He’s waiting for me at the buffet, and we’re about to zero in on the food business: loading up our plates, then dissecting them to see which foods have lobbyists at the table. 

Drutman pulls out a laptop with a list of lobbyists, and I tell him what’s on my plate, starting with beef.

“There’s 17 beef organizations here in Washington,” Drutman says. “We’ve got the Center for Beef Excellence, U.S. Premium Beef, Beef Products Incorporated…”

You get the idea. Every single thing on our plates had somebody representing it on Capitol Hill. Sometimes lots of somebodies. For rice, seven associations. Ditto for shrimp.

Some of the trade associations are pretty obscure. Like the International Natural Sausage Casing Association, or the American Dehydrated Onion and Garlic Association.  

I reach for a bag of chips, which reminds me: I interviewed the CEO of the Snack Food Association, Tom Dempsey, because I was wondering – what are all these food folks lobbying for? Turns out it’s stuff like labeling on packages, and the federal government’s new dietary guidelines.

“What the association does is tries to stay out in front of issues that may not impact the industry tomorrow but will impact it down the line,” says Dempsey.

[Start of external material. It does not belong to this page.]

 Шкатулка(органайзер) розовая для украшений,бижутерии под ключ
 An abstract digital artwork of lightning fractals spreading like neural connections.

Other food lobbyists are focused on some proposed new trade deals. There’s one with Europe that’s gotten the attention of the International Dairy Foods Association — Europe wants to trademark the names of certain cheeses. But there are 35 dairy lobby groups. I ask Dave Carlin, the Association’s chief lobbyist why there are so many.

“We have to tell our story,” he tells me. “Because if we don’t tell our story nobody else will.”

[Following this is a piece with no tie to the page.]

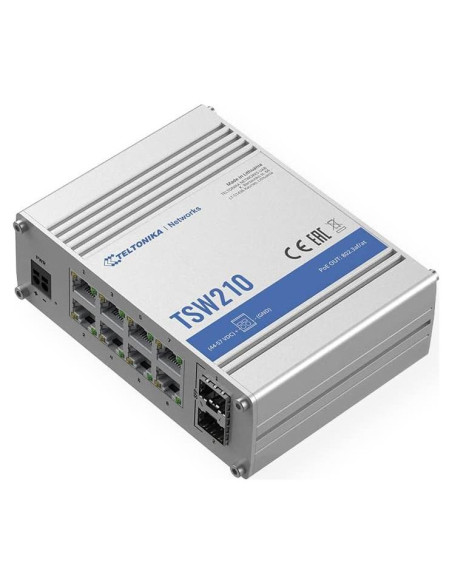 Interruptor Industrial Teltonika TSW210, 8 Puertos Ethernet, 2 SFP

There’s an old saying in Washington: if you’re not at the table, you’re on the menu, which brings me back to the buffet, with Lee Drutman. 

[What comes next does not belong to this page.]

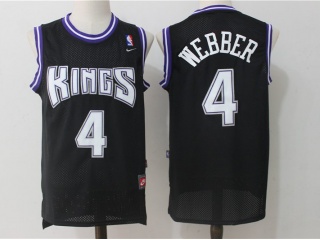 Sacramento Kings 4 Chris Webber Basketball Jersey Black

We’ve started talking money. He says there are 1,114  different food lobbying organizations in Washington, spending about $130 million a year.

Drutman says all the registered lobbyists in town spend about $3 billion a  year. I wondered when lobbying got to be such a big business. Drutman says the food folks started around the time of FDR’s  New Deal, when a lot of agricultural subsidies were born.

“It caused a lot of people in the agricultural industry to pay attention to politics,” he says.

Drutman says corporations started lobbying more in the ’70s and ’80s, in the wake of increased government regulation. And it’s just kept growing. Now, lobbying kind of feeds on itself.

“Once companies and associations set up shop in Washington they rarely leave because they’ve hired lobbyists who can keep them interested in all the issues,” says Drutman. “So once you start lobbying, you tend to keep lobbying, and there’s a self-reinforcing stickiness.”

Because you certainly don’t want to be the one who’s not at the table.